Bei Entscheidungen über die Realisierbarkeit spielen ausschließlich objektive Kriterien (Verkehr, Lärmschutz für Anwohnerinnen und Anwohner, Sicherheit der Veranstaltung etc.) eine Rolle. Nicht jede gewünschte Veranstaltung kann daher in dem hoch frequentierten Innenstadtbereich zu jedem Zeitpunkt genehmigt werden.
Religiöse Orientierung der Anstragstellerinnen und Antragsteller oder die Ausrichtung der Veranstaltung sind bei dieser Prüfung aber kein Kriterium.

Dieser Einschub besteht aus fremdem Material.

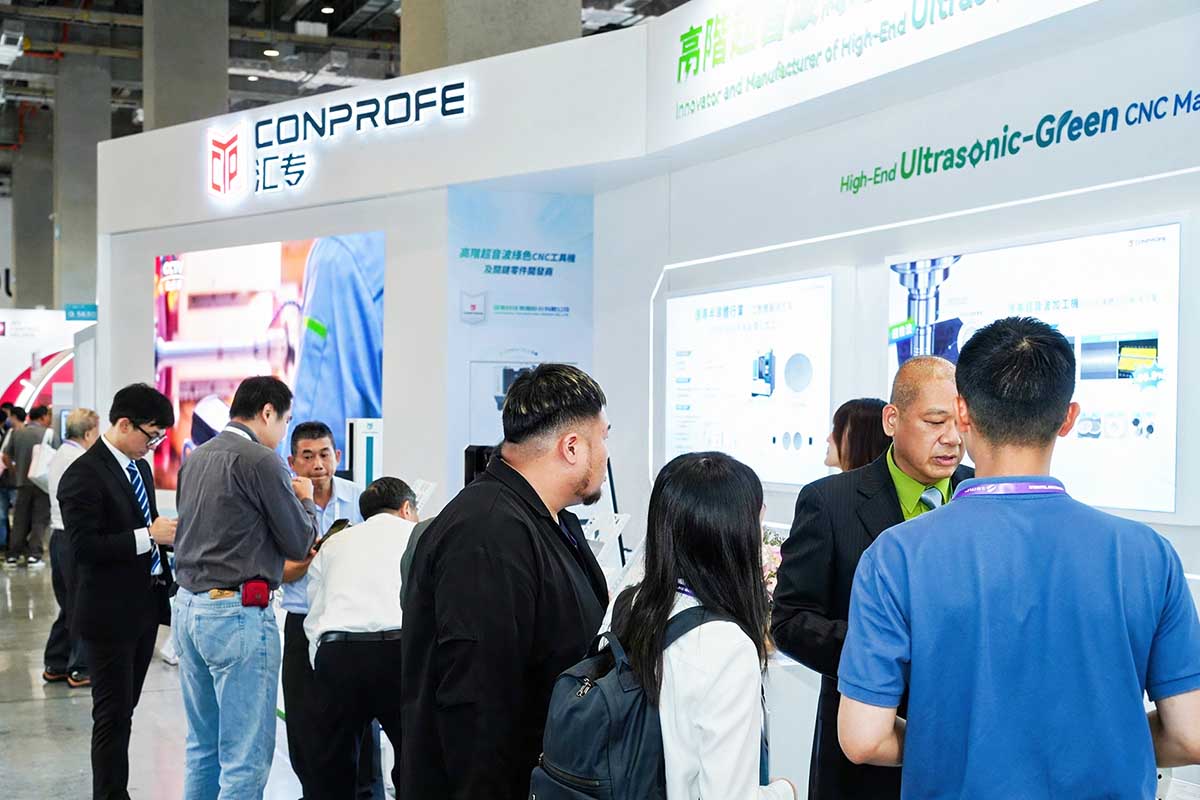 聚焦SEMICON Taiwan國(guó)際半導(dǎo)體展 | 匯專(zhuān)超聲高效加工解決方案獲臺(tái)灣市場(chǎng)肯定，半導(dǎo)體業(yè)務(wù)全球化布局再提速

Vielmehr ist der Bezirk Friedrichshain-Kreuzberg stolz auf die Vielfalt der Religionen und Glaubensrichtungen. Das Bezirksamt schätzt unter anderem die durch Einzelne oder Gemeinschaften vielfach ehrenamtlich geleistete Arbeit, das Engagement in den Bezirksregionen und den Beitrag für das Zusammenleben im Bezirk außerordentlich.
Insoweit bedauert Monika Herrmann es ausdrücklich, wenn durch ein solches Missverständnis Gefühle von Menschen verletzt worden sind.